### Prompt
Write out every line of the material as it stands, apart from the pictures.

### Raw data
★ ★ ★ ★

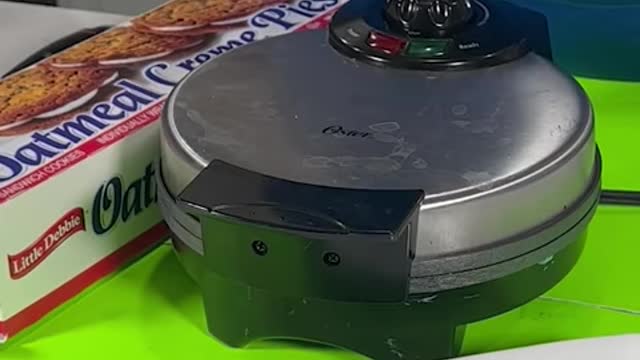 Best way to eat these! (for entertainment purposes only)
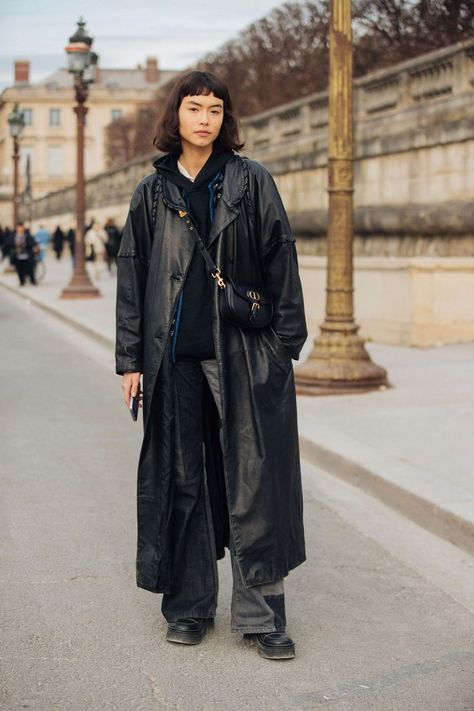 See what the models are wearing off-duty during PFW F/W 22! Days 1-2 – Of The Minute Miyako Bellizzi Style, Lower East Side Fashion, Berlin Goth, Jacket Dress Outfit, Mica Arganaraz, Street Style Paris Fashion Week, Minimalist Street Style, Japan Fashion Street, Paris Fashion Week Street Style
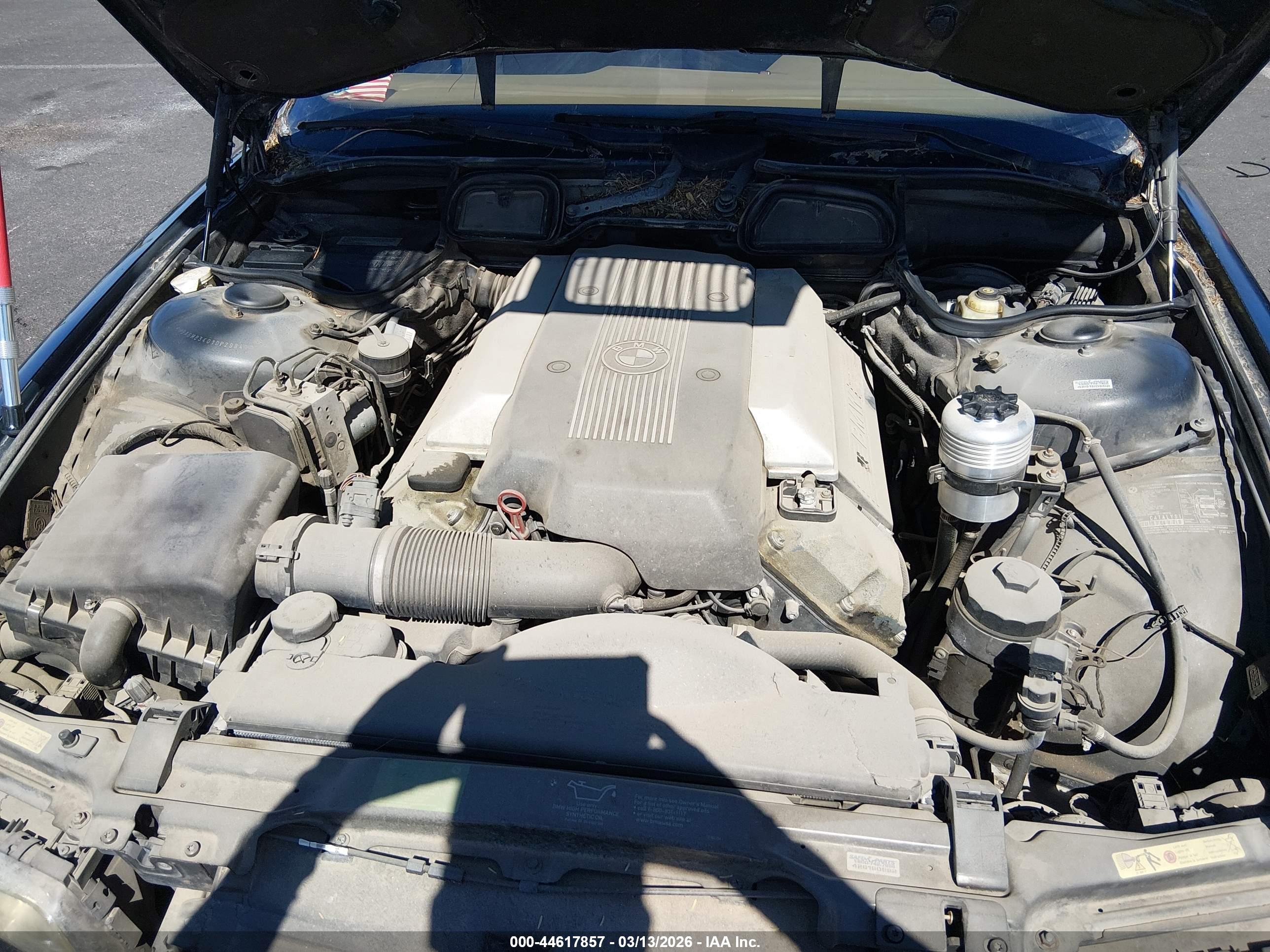 BMW 740IL image 10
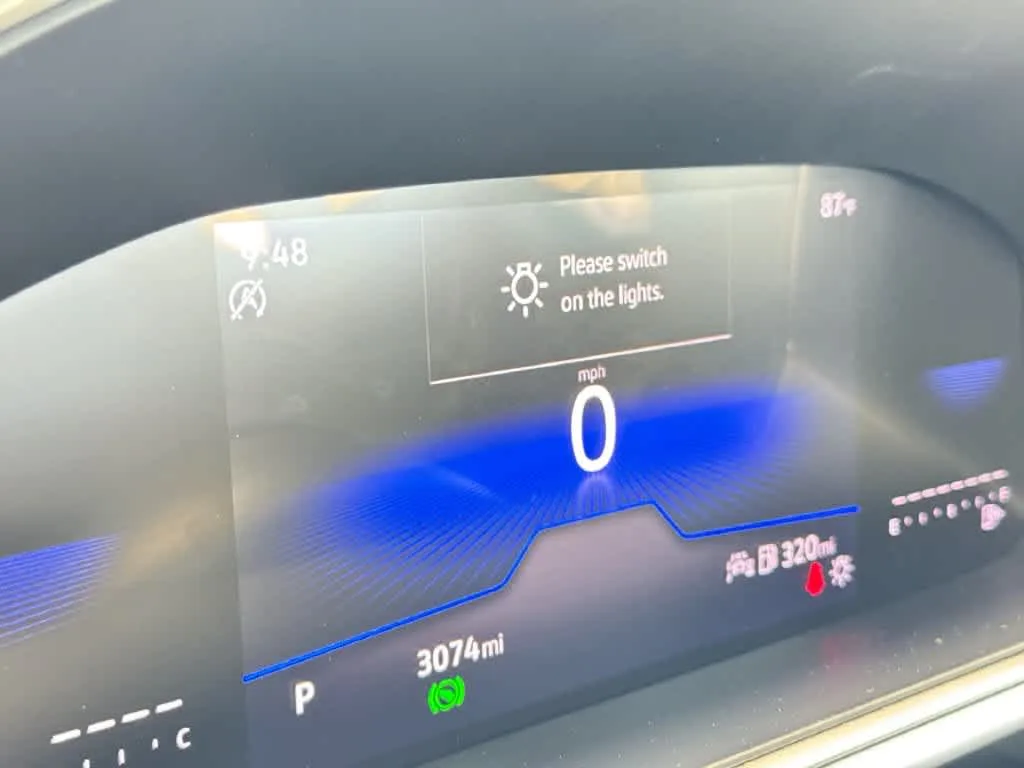 2026 Volkswagen Taos SE photo 16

★ ★ ★ ★

### Expected answer
 Best way to eat these! (for entertainment purposes only)
 See what the models are wearing off-duty during PFW F/W 22! Days 1-2 – Of The Minute Miyako Bellizzi Style, Lower East Side Fashion, Berlin Goth, Jacket Dress Outfit, Mica Arganaraz, Street Style Paris Fashion Week, Minimalist Street Style, Japan Fashion Street, Paris Fashion Week Street Style
 BMW 740IL image 10
 2026 Volkswagen Taos SE photo 16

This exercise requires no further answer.